Review Summary: Music for cavemen who have a refined taste.
Production is a daunting endeavor for a death metal release. The producer is tasked with making the vile and repugnant an admirable characteristic that is articulated yet shrouded in blistering distortion. It's the equivalent of telling a chef you want fish, but you don't want it to taste too fishy. That tightrope is everything. So, what are death metal fans looking for in a release? We are looking for balance. How much can we shake the cup without the drink spilling over? I guess that's the attraction to extreme metal. If you see it as noise, then chances are you just aren't listening closely enough.

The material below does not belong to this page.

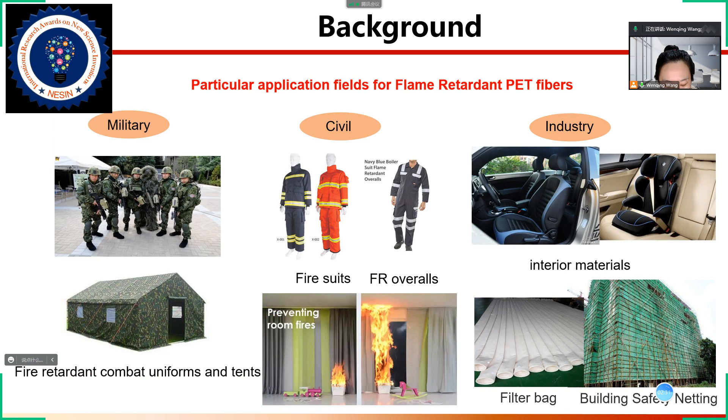National laws and regulations have been put forward on flame retardant materials. The demand for fire-resistant PET is increasing, and there are many application fields for flame retardant PET and its fibers, including military uses such as combat uniforms, civilian uses such as firefighting clothes and home textiles, and industrial uses in vehicles, aircraft, ships, and other interior materials. For example, safety belts for children in cars have become legal requirements in Europe.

I will try not to wax poetic, but being intentional with your music is how you get the most out of it. Death metal is a genre that places soundscapes paramount. It is undeniable that drop-tuning your guitar and throwing in distortion pedals makes it easier to create a catchy and filthy riff. But flaunting your musical technicality isn't exactly the name of the game here. A death metal band's primary goal is to set the scene. No genre, metal or otherwise, takes album artwork as seriously as those in the death metal camp. Want to know what this album sounds like? It sounds like whatever f****d up dark souls dungeon crawler that album cover is supposed to be. The first track off Blood Offerings is the Blade, and it cuts through you like an obsidian knife in a ritualistic sacrifice. The riff is infectious, and that high-hat ride will have you hit the replay button at least three times before the track ends. The production quality is exemplified beautifully here, and it's honestly one the most enjoyable audio experiences I have experienced in the genre. There is ample separation between the instruments to provide superb imaging while maintaining that sense of a bound coil on the precipice of explosion.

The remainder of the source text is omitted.